Ricerca e Stradivari: intervista a Giacomo Fiocco (Laboratorio Arvedi di Diagnostica Non-Invasiva presso il Museo del Violino di Cremona).
Le indagini non invasive svolte presso il Laboratorio Arvedi di Diagnostica Non-Invasiva. Source: here |
Oggi incontriamo Giacomo Fiocco, attualmente ricercatore del Laboratorio Arvedi di Diagnostica Non-Invasiva dell’Università di Pavia presso il Museo del Violino di Cremona e dottorando in chimica e scienze dei materiali dell’Università di Torino. Il Laboratorio Arvedi è immerso in un contesto nel quale la ricerca scientifica si trova a stretto contatto con la realtà museale: l’intero gruppo di ricerca, interamente composto da conservation scientists, svolge infatti le sue attività negli spazi del Museo del Violino di Cremona. Il connubio tra ricerca e museo, non ancora saldamente diffuso in Italia, non solo conduce all’avanzamento delle conoscenze scientifiche, ma contribuisce anche alla valorizzazione del Bene Culturale, inserito e studiato in un ambiente multi-disciplinare. Le attività di ricerca, sviluppate spesso in sinergia con il museo, sono focalizzate allo studio e alla conservazione dei materiali degli strumenti musicali mediante l’uso di tecniche di analisi prevalentemente non invasive.

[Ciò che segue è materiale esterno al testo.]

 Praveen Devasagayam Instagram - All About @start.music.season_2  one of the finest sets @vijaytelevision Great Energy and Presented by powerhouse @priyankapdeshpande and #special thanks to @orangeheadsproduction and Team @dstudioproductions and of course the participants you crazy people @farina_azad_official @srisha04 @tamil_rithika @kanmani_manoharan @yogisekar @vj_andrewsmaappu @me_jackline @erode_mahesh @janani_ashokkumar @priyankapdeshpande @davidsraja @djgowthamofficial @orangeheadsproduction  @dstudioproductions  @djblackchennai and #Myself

F.D.T. Vorrei cominciare questa chiacchierata partendo proprio da due recenti articoli pubblicati dal vostro gruppo sulle riviste EPJ Plus e Coatings, il primo in collaborazione con il Dipartimento di Fisica dell’Università di Torino e con Elettra Sincrotrone di Trieste dal titolo “Synchrotron radiation micro-computed tomography for the investigation of finishing treatments in historical bowed string instruments: issues and perspectives” (clicca qui) e il secondo che ha visto anche la partecipazione di un gruppo di ricerca polacco dell’Università di Toruń intitolato “A Micro-Tomographic Insight into the Coating Systems of Historical Bowed String Instruments” (Open Access, clicca qui).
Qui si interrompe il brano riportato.